In January, Ms Bishop suspended sanctions against Iran without public consultation, without parliamentary debate and apparently without any sort of checks that her actions would allow Australians to unwittingly aid and abet Iranian and allied terrorist actions in Syria, Lebanon, Yemen and Iraq. 
 
On the last four Mondays of the 2015 Parliamentary yearthe Opposition called for the Government to have a Parliamentary debate on Iran and the wider Middle East.
 
Surely the substantial step of suspending sanctions against this murderous regime warranted such an investigation?
 
Mr Danby listed the following issues he would like Ms Bishop to answer in a parliamentary debate: 
 
• Her announcement in April last year—that is, before the nuclear deal was even signed, much less implemented—that she was negotiating an intelligence sharing arrangement with Iran.
• Why she chose not to denounce Iranian ballistic missile testing even though she condemned similar tests by North Korea. The Iranian tests on 10 October and 17 December last year were in contravention of UN Security Council Resolution 1929. The US protested the tests and slapped sanctions on Iran as a result.
• Her statement from June last year that Iranian and Russian involvement in Syria should be seen as a positive, given that they, along with Hezbollah and Syrian forces are now besieging and shelling 300,000 civilians in Aleppo.

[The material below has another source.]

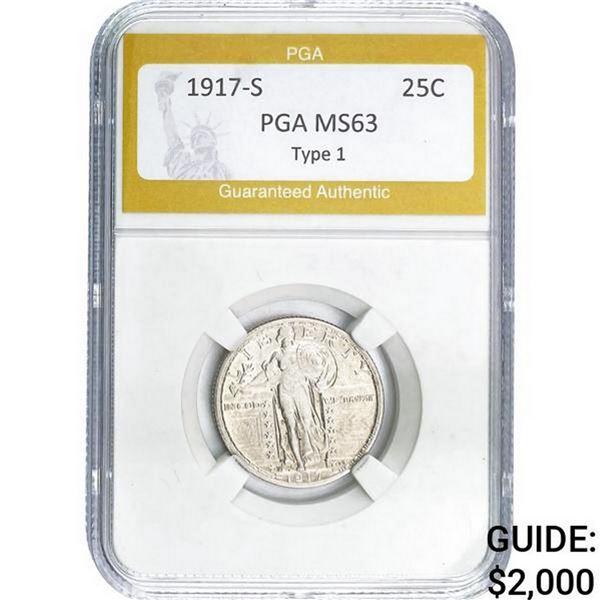 1917-S Type 2 Standing Liberty Quarter PGA MS64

• Why last year she floated the idea of Iranian consulates in Sydney and Melbourne, given that Iran has used its diplomatic presence in other countries—notably Argentina and Thailand—to organise terrorist attacks against Jewish and Israeli targets.
• Why she said she would consult with Iran ahead of Australia bombing Da’esh targets in Syria, given that Iran is part of the problem in Syria, not part of the solution.
• Her apparent turnaround from three years ago, when she demanded that a relatively low-level Australian official not visit Iran and said, “In addition to concerns about its nuclear program, Iran’s leaders continue to make bellicose statements with regard to Israel and the regime has been an active sponsor of terrorist organisations around the world.”
• The apparent lack of scrutiny that has gone into the 144 entities from which she removed designation in January, which would reassure the Australian public that they have no institutional link to the proscribed Islamic Revolutionary Guard Corps.
• Absence of Parliamentary scrutiny means we don’t know whether any of the suspended sanctions involve dual-use technology that might have military applications.
 
Mr Danby said, “I believe that the reason Ms Bishop has refused to defend her Iran policies speaks to a certain shame in her actions. Certainly members of the Coalition have expressed to me in private their discomfort about her infatuation with Iran.” 
 
“I believe her back-door method of suspending the sanctions was dishonest and cowardly”, Mr Danby said. “She participated in Parliamentary debates when Australia applied sanctions but now wants to sneak past the Parliament dropping off those very sanctions.
 
Any misguided belief that Ms Bishop had that Iran might moderate after signing the nuclear deal has already been proven grossly inaccurate.
 
Since the deal has been signed, Iran has funnelled extra troops into Syria – it and Russia, with their Syrian and Hezbollah mates are now besieging and pounding Aleppo, killing indiscriminately and preparing for the next wave of refugees to flood into Turkey and beyond.
 
Since the deal has been signed, Iran has boasted of its military ability to influence all corners of the Middle East. 
 
It was even reported yesterday that the bounty on author Salman Rushdie’s head had been renewed.